The main purpose of this work is to obtain the physicochemical profile of the RJ adulterated in different proportions of the following adulterants: natural yogurt, pure water, white of the egg, starch corn slurry, a mixture of sweet condensed milk with propolis and unripe banana. This could be useful to detect frauds.

 

EXPERIMENTAL

Material

Seven samples of pure royal jelly obtained directly from beekeepers and from commerce in São Paulo State, Brazil were used. Each sample received a code from A to G being samples A, B, D and G acquired from the market, samples C and F were acquired directly from beekeepers and sample E was declared as Chinese. After the analysis, Sample B was chosen to be adulterated.

All samples were kept frozen (-18 ºC) and protected from light, from the receiving time until the analysis procedure.

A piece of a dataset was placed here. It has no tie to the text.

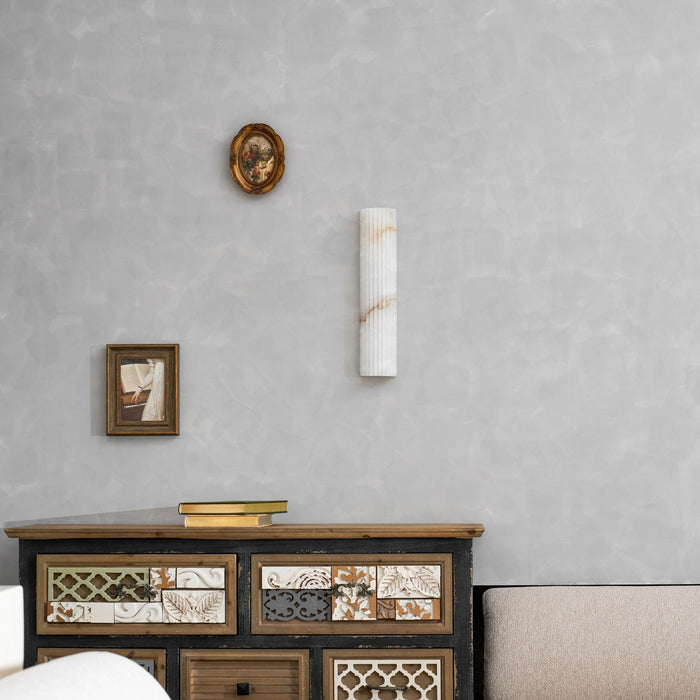 Alvia Alabaster Wall Light Vakkerlight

Preparation of the adulterated samples

Natural yogurt, pure water, white of the egg, starch corn slurry, a mixture of sweet condensed milk with propolis and unripe banana were added to Sample B in a proportion of 10, 25 and 50% (m/m). The adulteration was prepared in the laboratory, being all the samples kept in the freezer at -18 ºC and protected from light since the adulteration step until the moment of the analysis.

Standards and solvents

For the 10-HDA analysis, a reference standard of trans-10-hydroxy-2-decenoic acid (acquired from Nippon Shoji Kaisha Ltd. - Chuo-Ku, Osaka, Japan), was used. All solvents used were HPLC grade.

Methods

Moisture content

Moisture content was determined by gravimetric analysis using desiccator with sulfuric acid6.

Ash content

Ash content was determined by gravimetry using oven at 550 ºC 7.

Lipid content

Lipid content was determined by Soxhlet procedure using diethyl ether as solvent7.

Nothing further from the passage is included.